Reviewed by Oct 05, 2020| Updated on
Cession is a term used in insurance, where a portion of insurance obligations is transferred by an insurance company to a reinsurer. It is the ceding of a certain amount of risk between two parties, both of whom are insurers.
An agreement is drafted between both parties, which specify the terms and conditions under which the cession will take place, and under what conditions the reinsurer will pay the claims.
The two types of reinsurance are facultative and treaty. Under facultative, an insurer transfers one type of risk, policy, or location to the reinsurer. Each type of risk passed on will have to be negotiated separately. Facultative reinsurance is used for high-valued risks, and extra hazardous or unusual risks, which fall beyond the capacity of the primary insurer.
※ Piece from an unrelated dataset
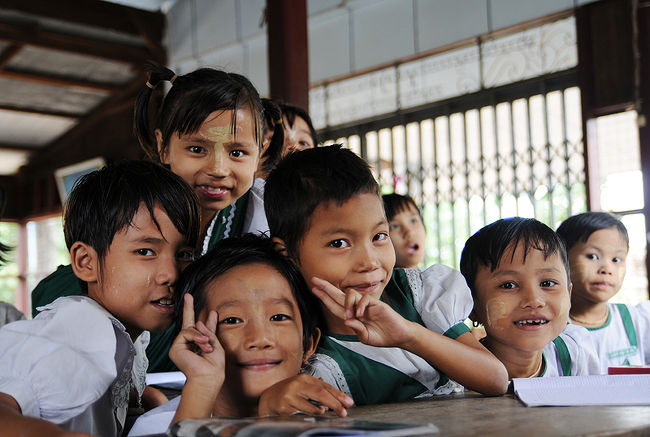 お寺も飽きてきたなぁ〜・・・と思ったら、お寺付属の小学校に連れていってくれました。<br /><br />お寺の学校は庶民の味方とのこと。<br />先生はボランティアなんだそうです。<br /><br />しっかりと手を合わせてきました。<br /><br /><br />お茶目なギャル席。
Under treaty reinsurance, a set of insurance transactions under a certain category will be covered under the reinsurance agreement. No specific policy will be mentioned; instead, all policies which meet the criteria of the reinsurance agreement automatically become reinsured.
Treaty reinsurance is used to cover broader ranges of policies, such as all automobile policies, all fire policies, all homeowner policies, etc.
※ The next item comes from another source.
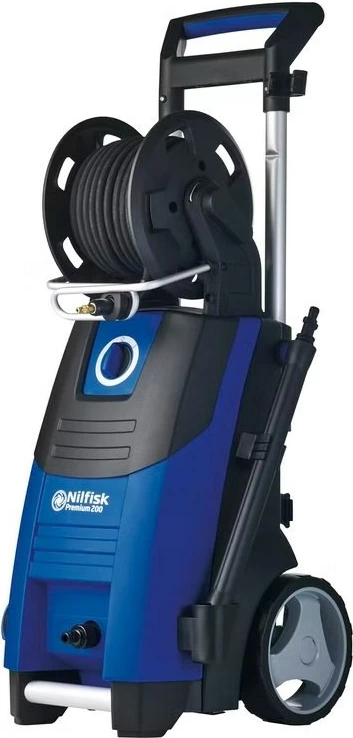 Visokotlačni čistilec Nilfisk, 650 l/h, črno/moder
Reinsurance can be structured as proportional and non-proportional treaties. Under a proportional treaty, the insurer and the reinsured share a specific percentage of the premiums and losses. Under non-proportional reinsurance, the reinsurer takes on a claim only when the loss exceeds a certain amount that has already been agreed upon.
An insurance company is able to manage its risk exposure better by ceding a portion of its risk to a reinsurer. The other advantages of reinsurance include the expertise of the reinsurer, the opportunity for arbitrage, and the ability to offer higher protection limits, as well as absorb larger losses.